Victory to Lord Hanuman, the ocean of wisdom and virtue. Victory to the Lord who is supreme among the monkeys, illuminator of the three worlds.

You are Lord Rama’s emissary,‌ the abode of matchless power, Mother Anjani’s son and also popular as the “Son of the Wind.”

Great hero, you are as mighty as a thunderbolt. you remove evil intellect and are the companion of those having good ones.

Your skin is golden in color and you are adorned with beautiful clothes. you have adorning earrings in your ears and your hair is curly and thick.

In your hands, shine a mace and a flag of righteousness. A sacred thread adorns your right shoulder.

You are the embodiment of Lord Shiva and vanar-raj Kesari’s son. There is no limit or end to your glory, your magnificence. The whole universe worships you.

You are the wisest of the wise, virtuous and (morally) clever. You are always eager to do Lord Rama’s works.

You feel extremely delighted in listening to Lord Rama’s doings and conduct. Lord Rama, Mother Sita, and Lord Laxmana dwell forever in your heart.

Taking the subtle form, you appeared in front of Mother Sita. And, taking the formidable form, you burnt the Lanka (Ravana’s kingdom).

Taking the massive form (like that of Bheema), you slaughtered the demons. This is how, you completed Lord Rama’s tasks, successfully.

Bringing the magic-herb (sanjivani), you revived Lord Laxmana.

Raghupati, Lord Rama praised you greatly and overflowing in gratitude, said that you are a dear brother to him just as Bharat is.

Saying this, Lord Rama drew you to himself and embraced you. Sages like Sanaka, Gods like Brahma and sages like Narada and even the thousand-mouthed serpent sing your fame!

Sanak, Sanandan and the other Rishis and great saints; Brahma – the god, Narada, Saraswati – the Mother Divine and the King of serpents sing your glory.

Yama, Kubera and the guardians of the four quarters; poets and scholars – none can express your glory.

You helped Sugriva by introducing him to Lord Rama and regaining his crown. Therefore, you gave him the Kingship (the dignity of being called a king).

Likewise, complying with your preachings, even Vibhishana became the King of Lanka.

You swallowed the sun, located thousands of miles away, mistaking it to be a sweet, red fruit!

Keeping the ring in your mouth, which was given to you by Lord Rama, you crossed over the ocean, to no astonishment, whatsoever.

All difficult tasks of this world become easy, with your grace.
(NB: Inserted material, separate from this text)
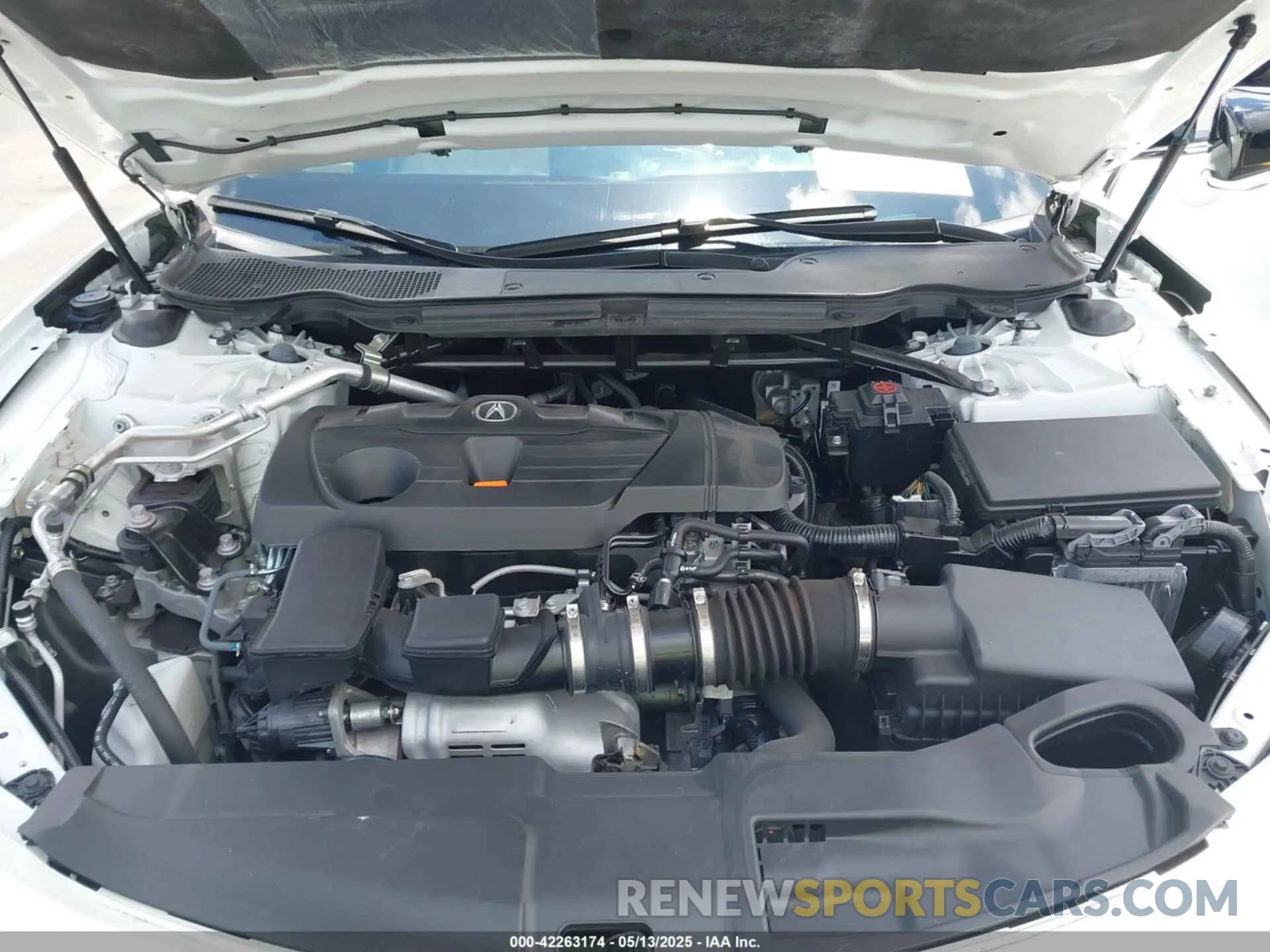 10 Photograph of a damaged car 19UUB5F44NA004283 ACURA TLX 2022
You are the guardian at Lord Rama’s door. Nobody can move forward without your permission which means that Lord Rama’s darshans (to get the sight of) are possible only with your blessings.
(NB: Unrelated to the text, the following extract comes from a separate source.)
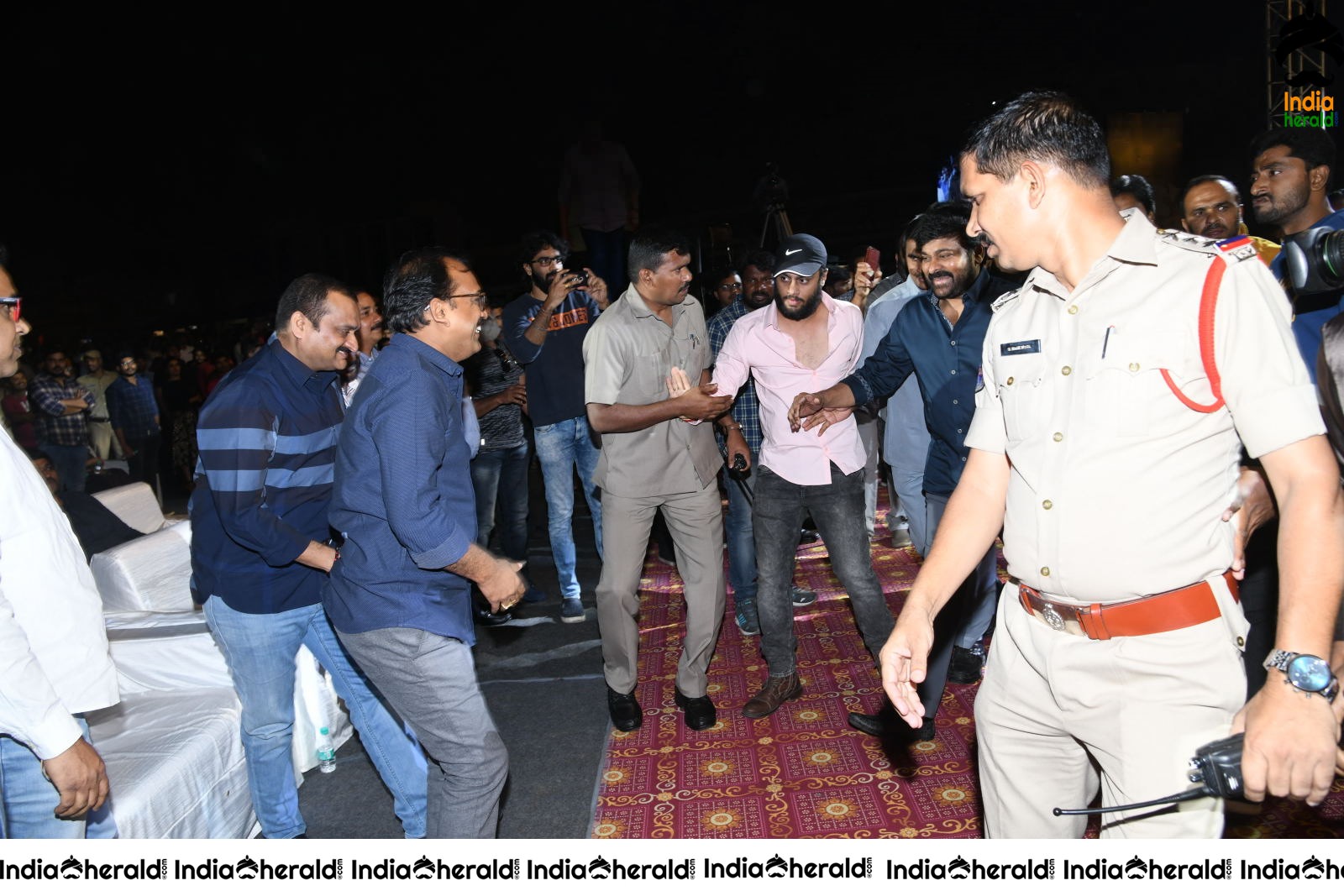 Actor Chiranjeevi Mass Entry at Sarileru Neekevvaru event Set 2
Those who take refuge in you, find all the comforts and happiness. When we have a protector like you, we do not need to get scared of anybody or anything.

You alone can withstand your magnificence. All the three worlds start trembling at one roar of yours.
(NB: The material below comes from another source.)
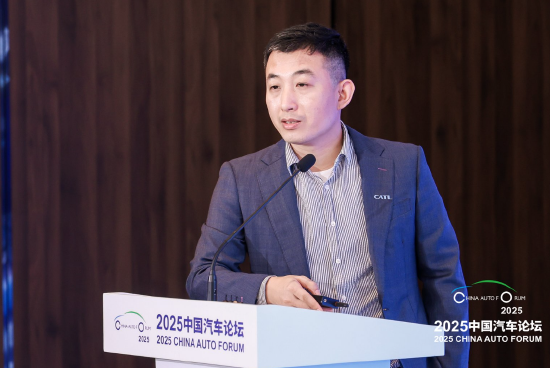 鼎豪配资 时代电服崔硕：电车保险比油车贵，保险还说不赚钱？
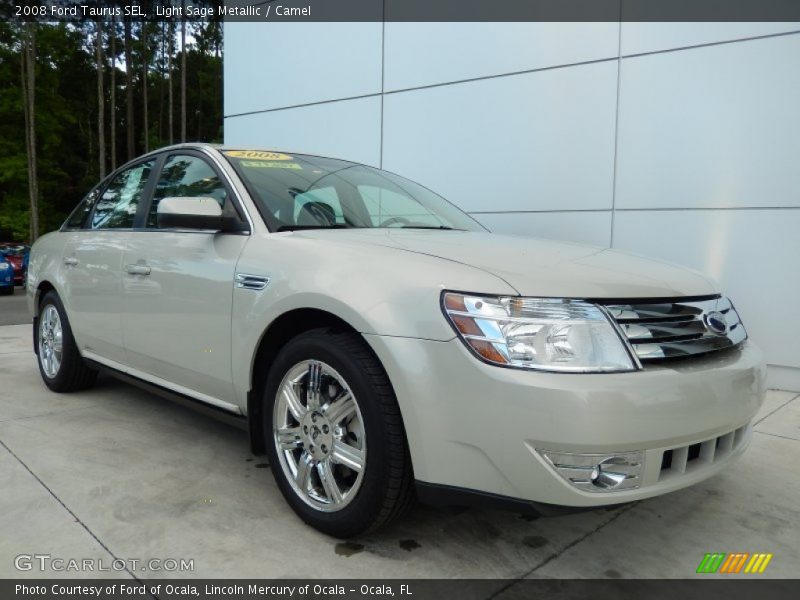 Front 3/4 View of 2008 Taurus SEL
O Mahaveer! No ghosts or evil spirits come near the ones who remember your name. Therefore, just remembering your name does everything!

O Hanuman! All diseases and all kinds of pain get eradicated when one recites or chants your name. Therefore, chanting your name regularly is considered to be very significant.

Whoever meditates upon or worships you with thought, word, and deed, gets freedom from all kinds of crisis and affliction.

Lord Rama is the greatest ascetic amongst all the kings. But, it’s only you who carried out all the tasks of Lord Sri Rama.

One who comes to you with any longing or a sincere desire obtains the abundance of the manifested fruit, which remains undying throughout life.

Your splendor fills all the four ages. And, your glory is renowned throughout the world.

You are the guardian of saints and sages; the destroyer of demons and adored by Lord Rama.

You have been blessed by Mother Janaki to give boon further, to the deserving ones, wherein you can grant the siddhis (eight different powers) and the nidhis (nine different kinds of wealth).

You have the essence of Ram bhakti, may you always remain the humble and devoted servant of Raghupati.

When one sings your praise, your name, he gets to meet Lord Rama and finds relief from the sorrows of many lifetimes.

By your grace, one will go to the immortal abode of Lord Rama after death and remain devoted to him.

It is not needed to serve any other deity or god. Service to Lord Hanuman gives all the comforts.

All troubles cease for the one who remembers the powerful lord, Lord Hanuman and all his pains also come to an end.

O Lord Hanuman! Praises and glory to you O mighty lord, please bestow your grace as our supreme guru.

One who recites this Chalisa a hundred times is released from all bondages and will attain great bliss.

One who reads and recites this Hanuman Chalisa, all his works get accomplished. Lord Shiva, himself, is the witness to it.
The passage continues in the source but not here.